#### [WHAT TO PRODUCE]
Begin at the line below that holds "Healthcare professionals and" and end at the line that holds "Analytical lab with", transcribing each line exactly and skipping any picture.

#### [RECORD EXCERPTS]
-=-=-

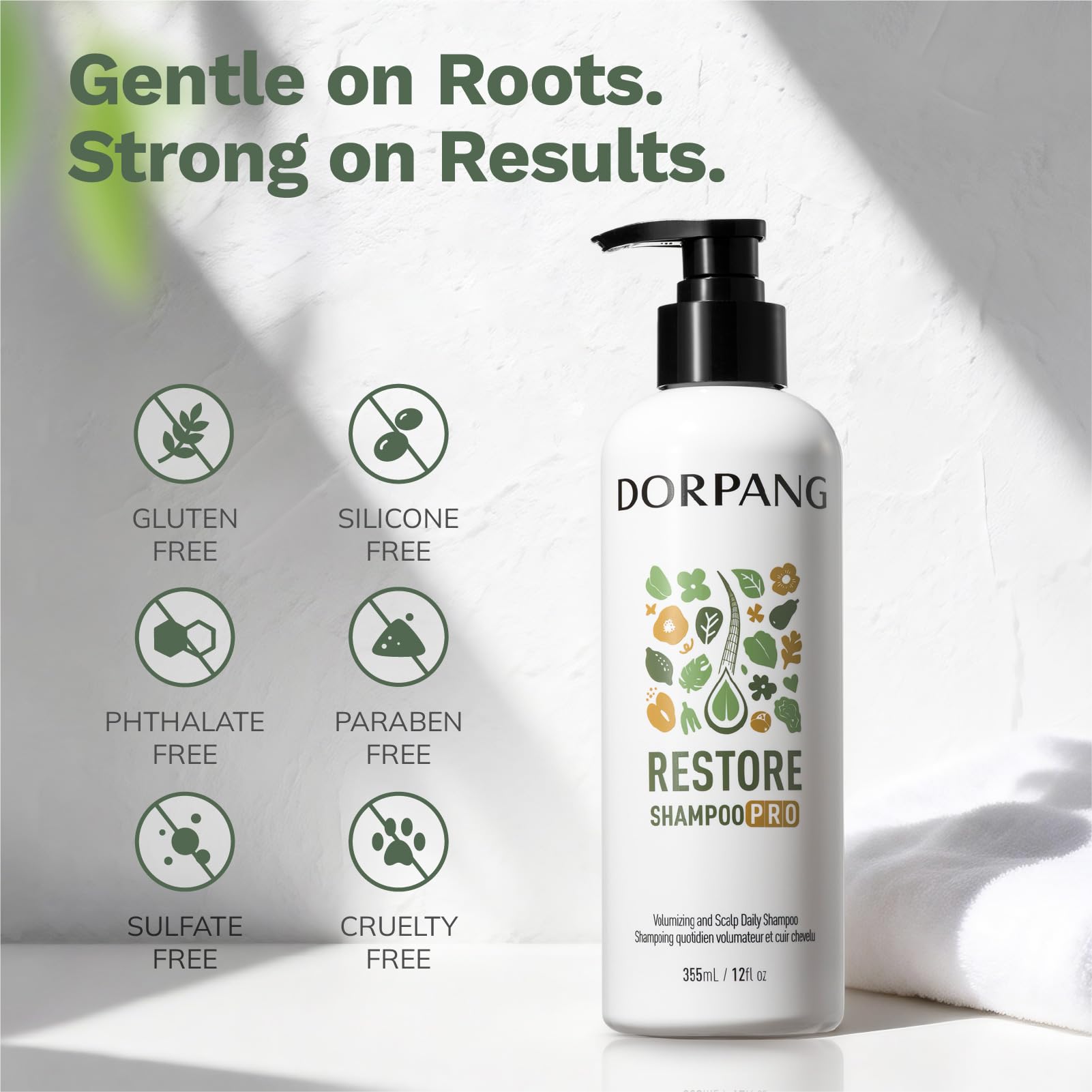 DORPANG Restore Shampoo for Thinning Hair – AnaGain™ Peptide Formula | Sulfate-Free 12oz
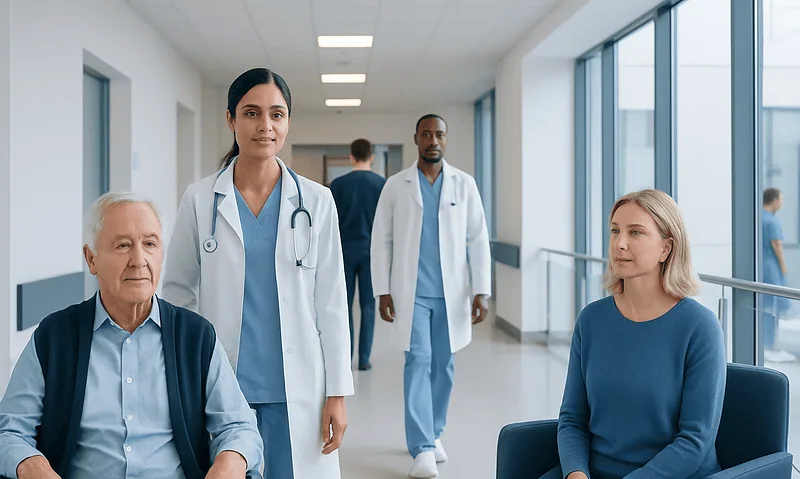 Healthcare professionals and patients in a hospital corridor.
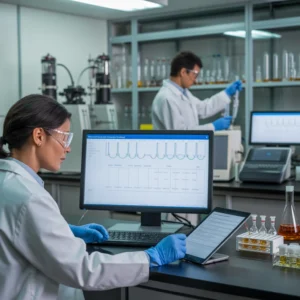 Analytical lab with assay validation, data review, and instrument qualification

-=-=-

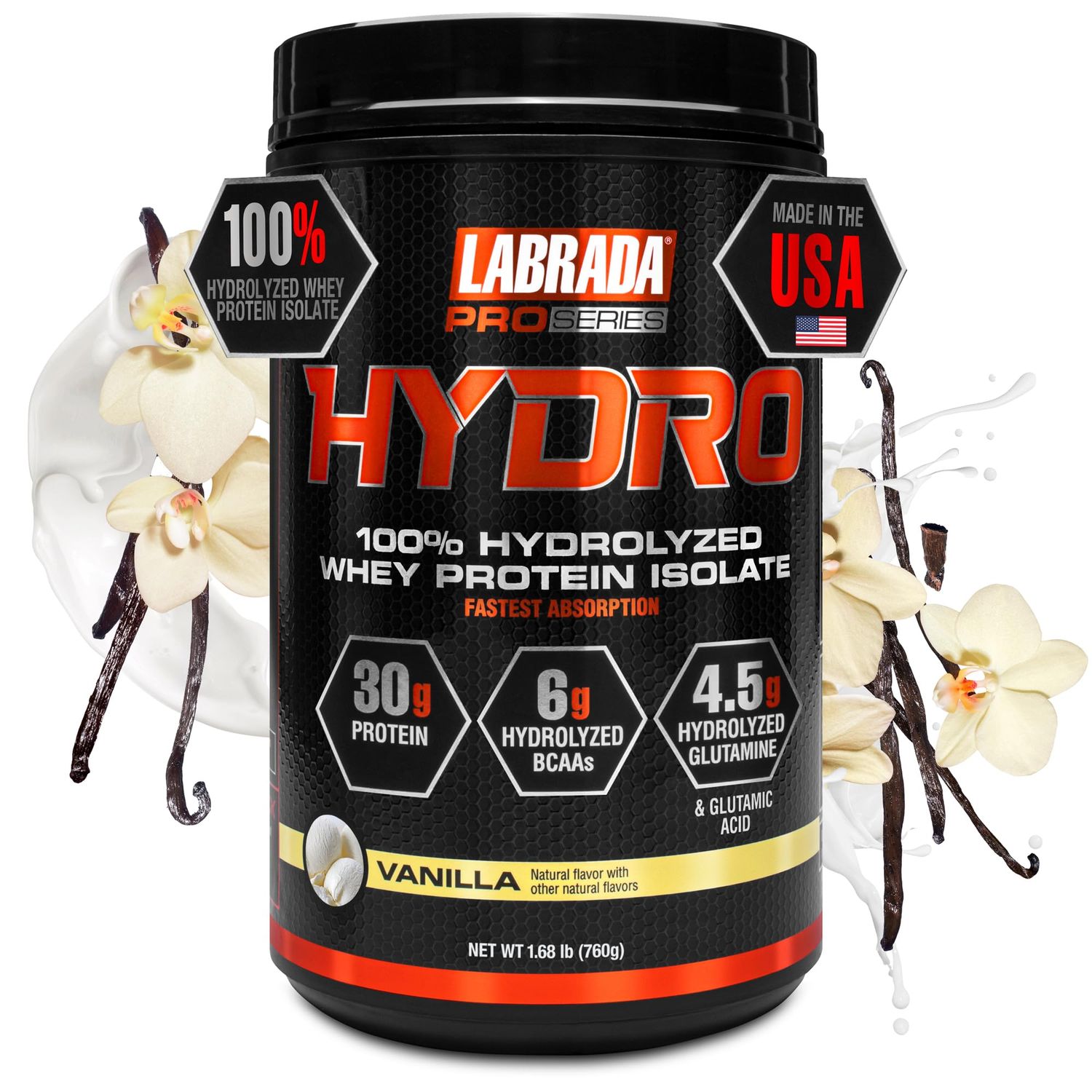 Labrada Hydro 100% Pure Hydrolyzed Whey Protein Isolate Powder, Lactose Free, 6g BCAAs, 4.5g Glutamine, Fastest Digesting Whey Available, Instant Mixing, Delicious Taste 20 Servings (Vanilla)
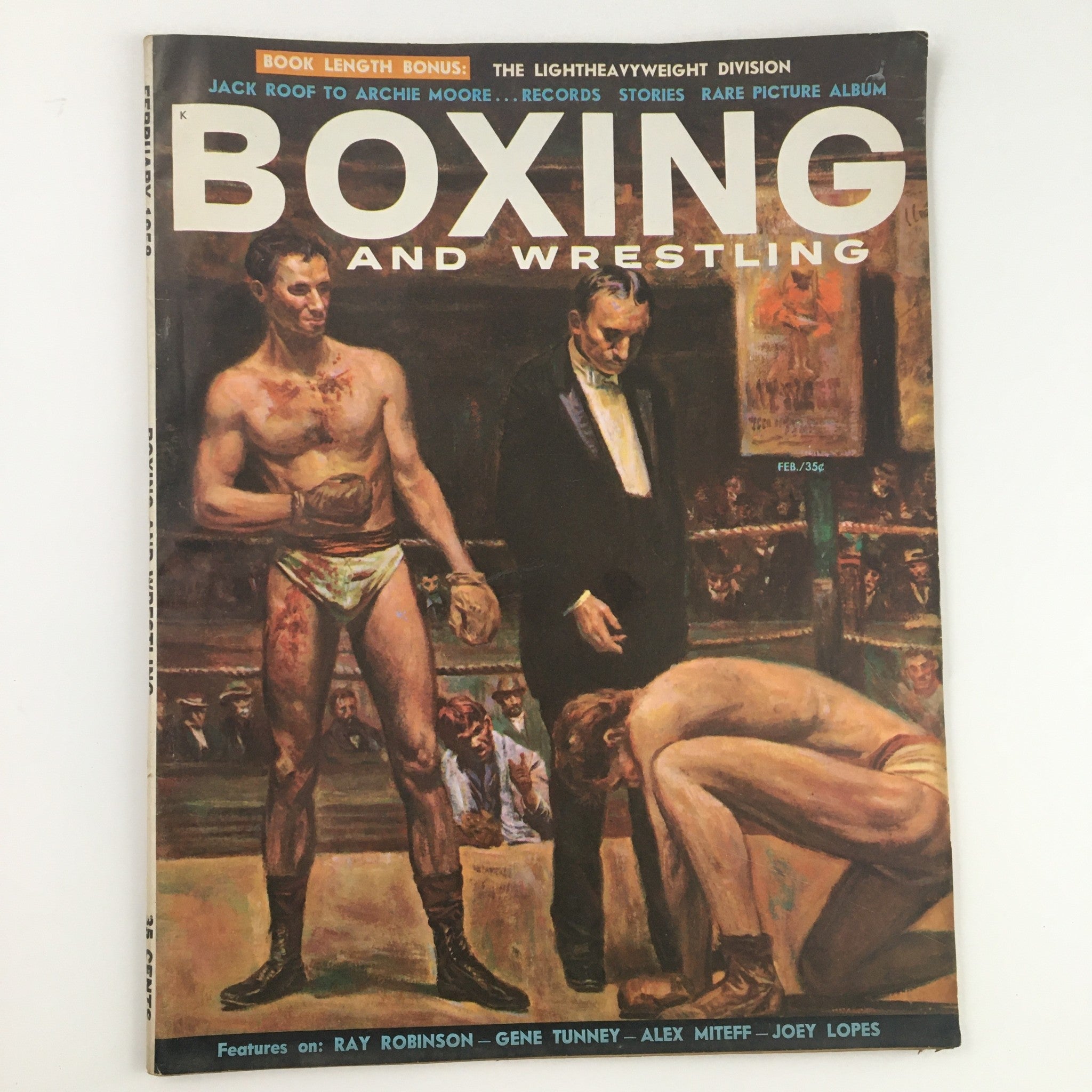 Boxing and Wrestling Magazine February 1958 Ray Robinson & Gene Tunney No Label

-=-=-

#### [SOLUTION]
 Healthcare professionals and patients in a hospital corridor.
 Analytical lab with assay validation, data review, and instrument qualification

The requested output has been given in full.